--- DATA SECTION Enclosed Below ---

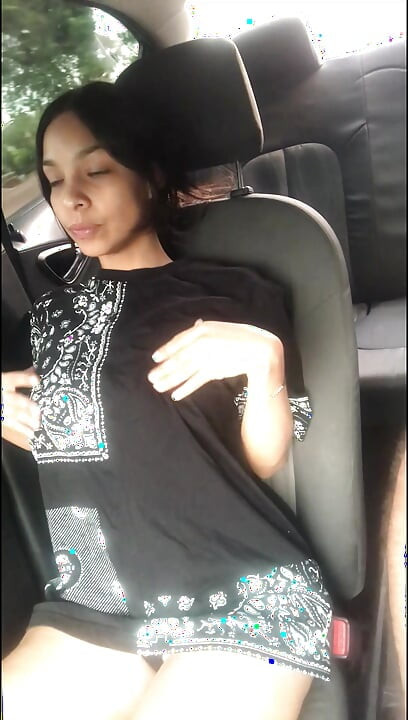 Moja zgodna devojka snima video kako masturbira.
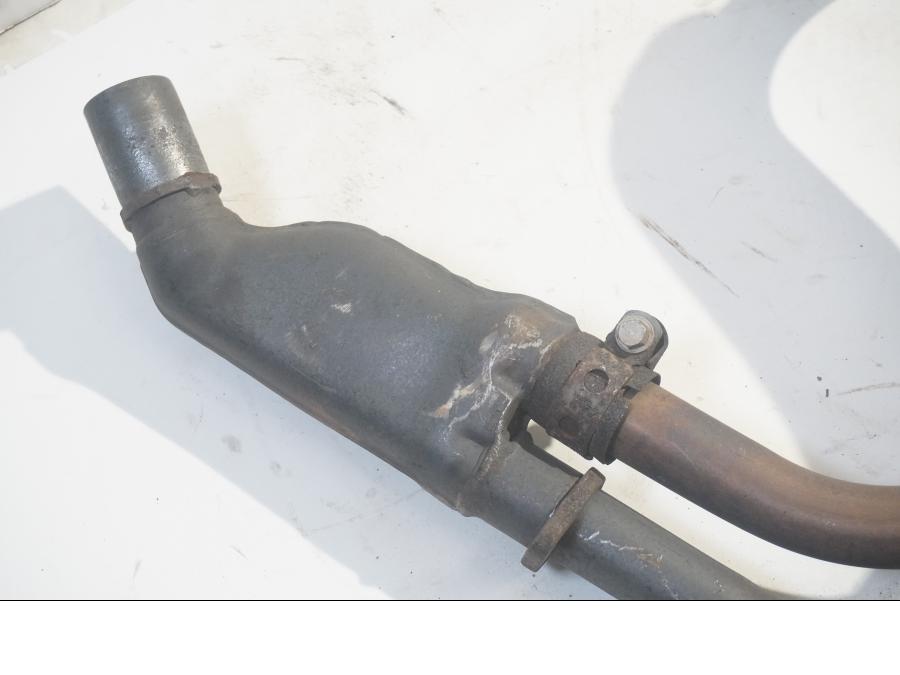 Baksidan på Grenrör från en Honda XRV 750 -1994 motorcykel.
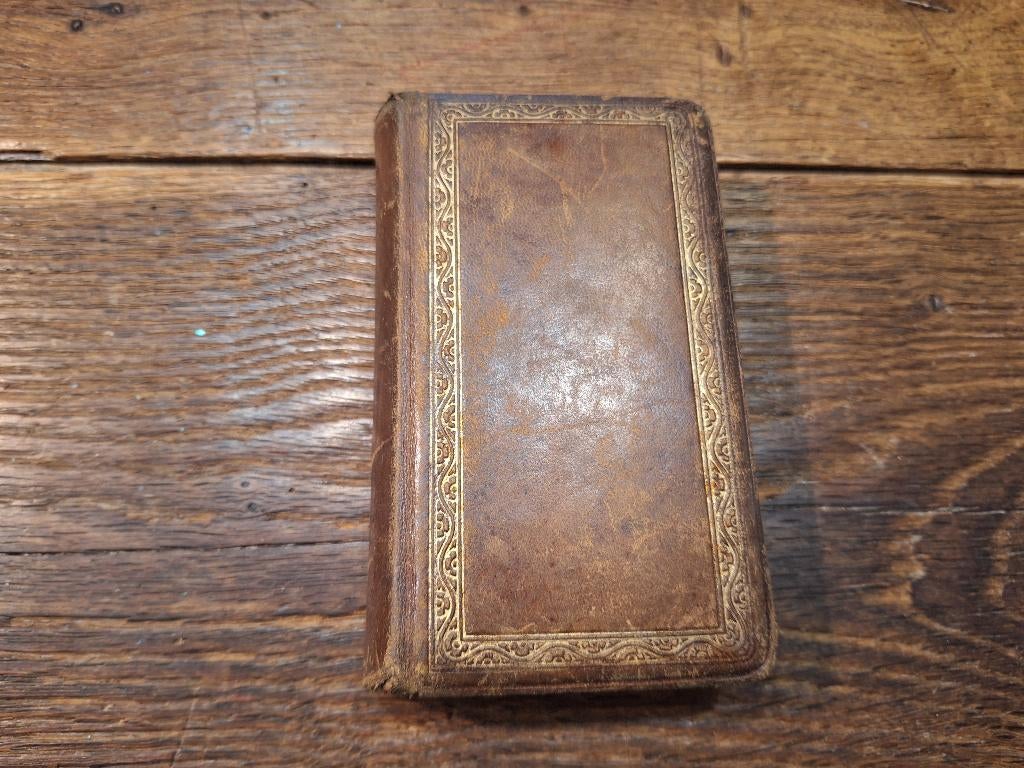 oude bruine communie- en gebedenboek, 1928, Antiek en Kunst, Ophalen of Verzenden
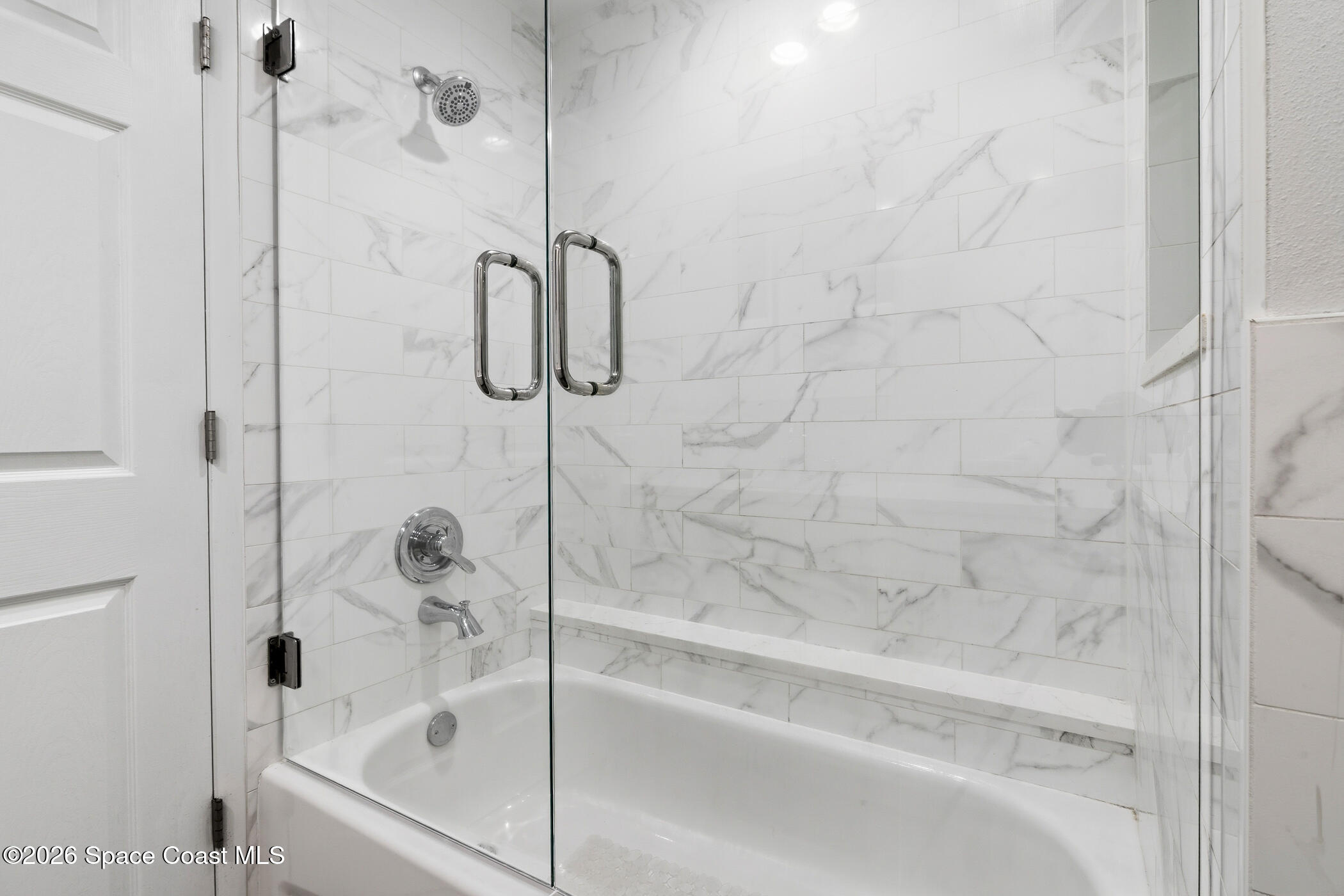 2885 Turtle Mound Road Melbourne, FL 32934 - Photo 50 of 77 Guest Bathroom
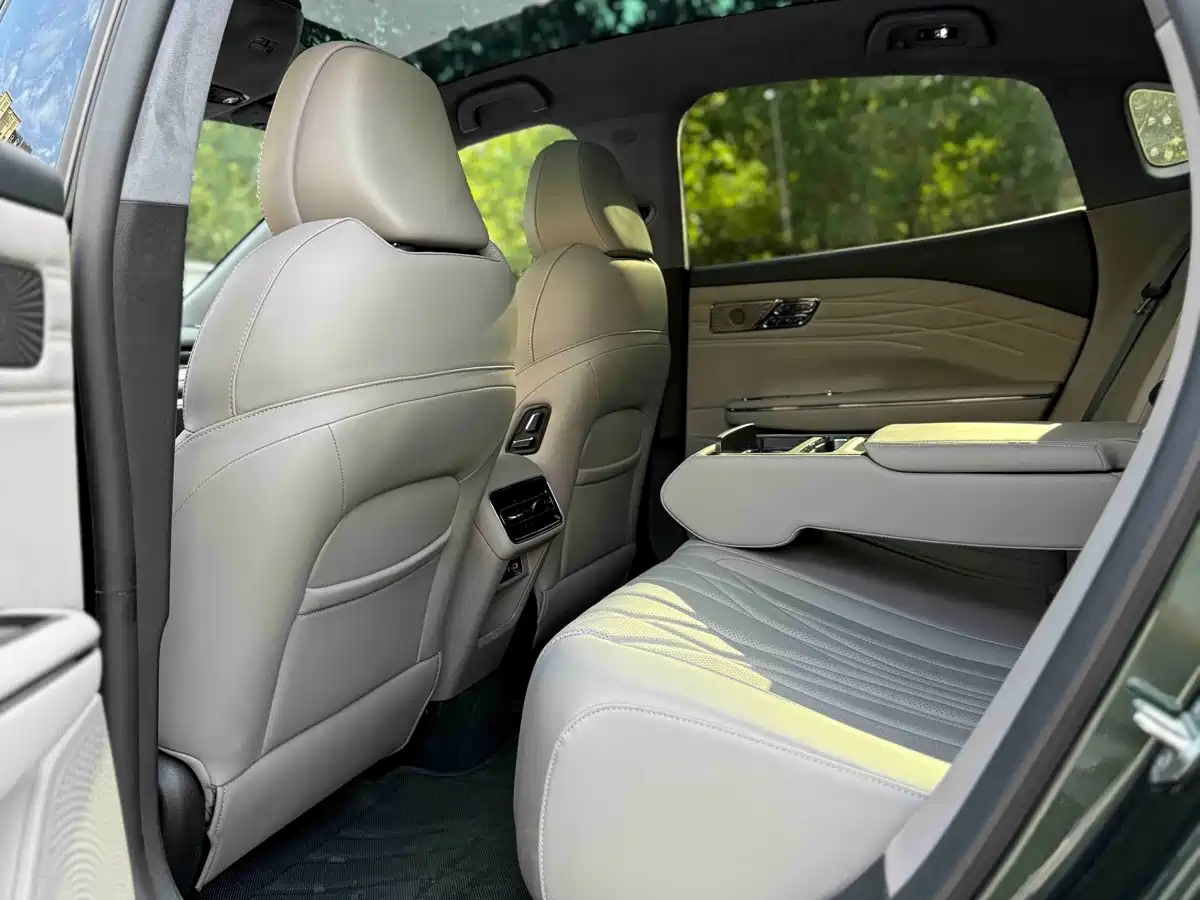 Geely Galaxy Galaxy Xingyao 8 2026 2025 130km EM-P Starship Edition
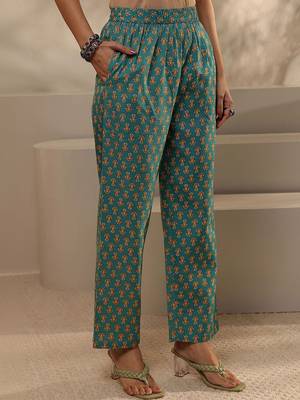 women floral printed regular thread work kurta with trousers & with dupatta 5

--- End of Enclosed DATA SECTION ---
--- DATA SECTION Enclosed Below ---

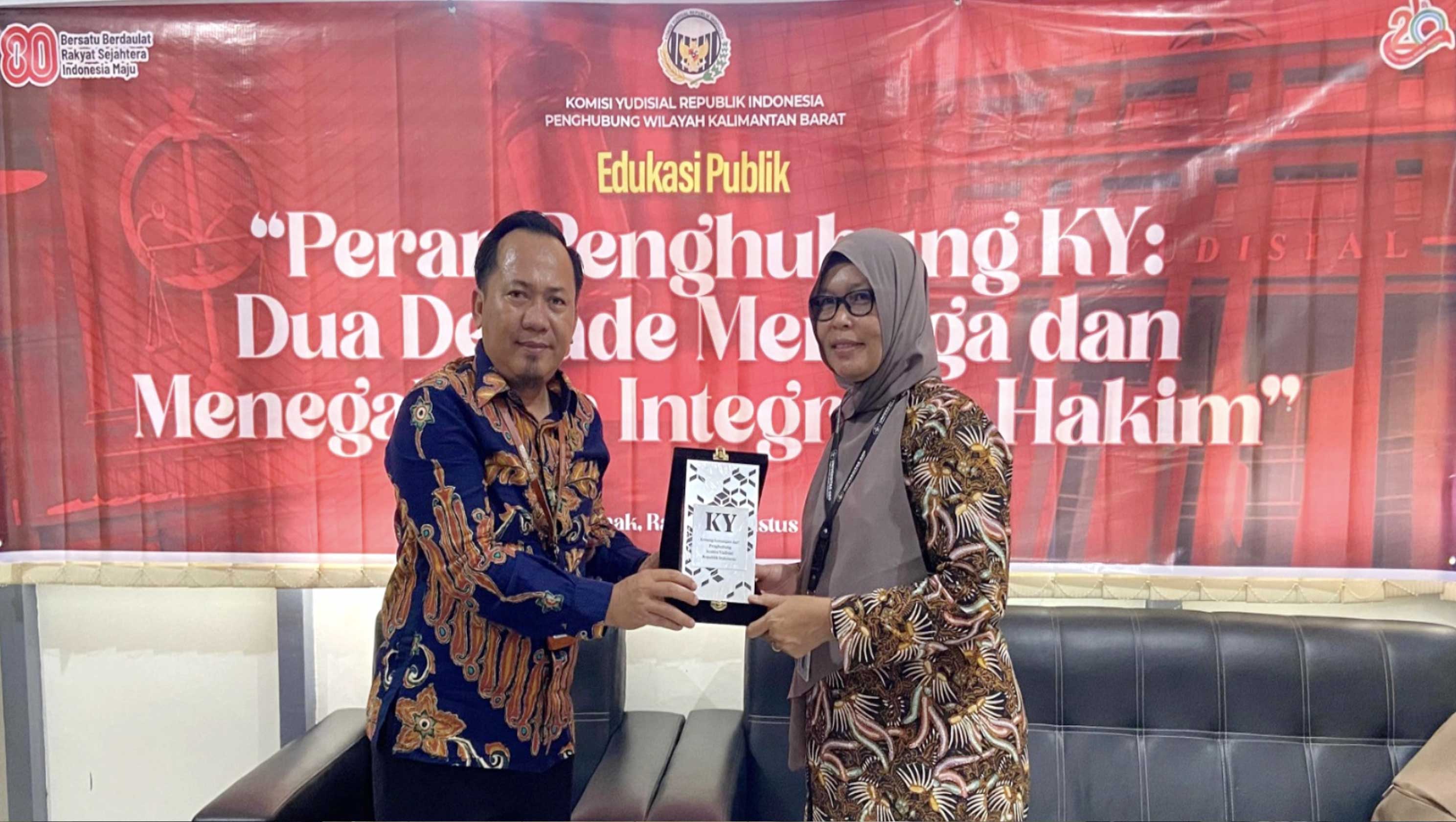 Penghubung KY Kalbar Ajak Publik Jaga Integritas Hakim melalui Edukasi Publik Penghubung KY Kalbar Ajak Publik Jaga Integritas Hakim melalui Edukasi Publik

--- End of Enclosed DATA SECTION ---

[EXERCISE]
Return exactly the lines of the material above, starting at the line containing "Geely Galaxy Galaxy" and finishing at the line containing "women floral printed", without any pictures.

[ANSWER BELOW]
 Geely Galaxy Galaxy Xingyao 8 2026 2025 130km EM-P Starship Edition
 women floral printed regular thread work kurta with trousers & with dupatta 5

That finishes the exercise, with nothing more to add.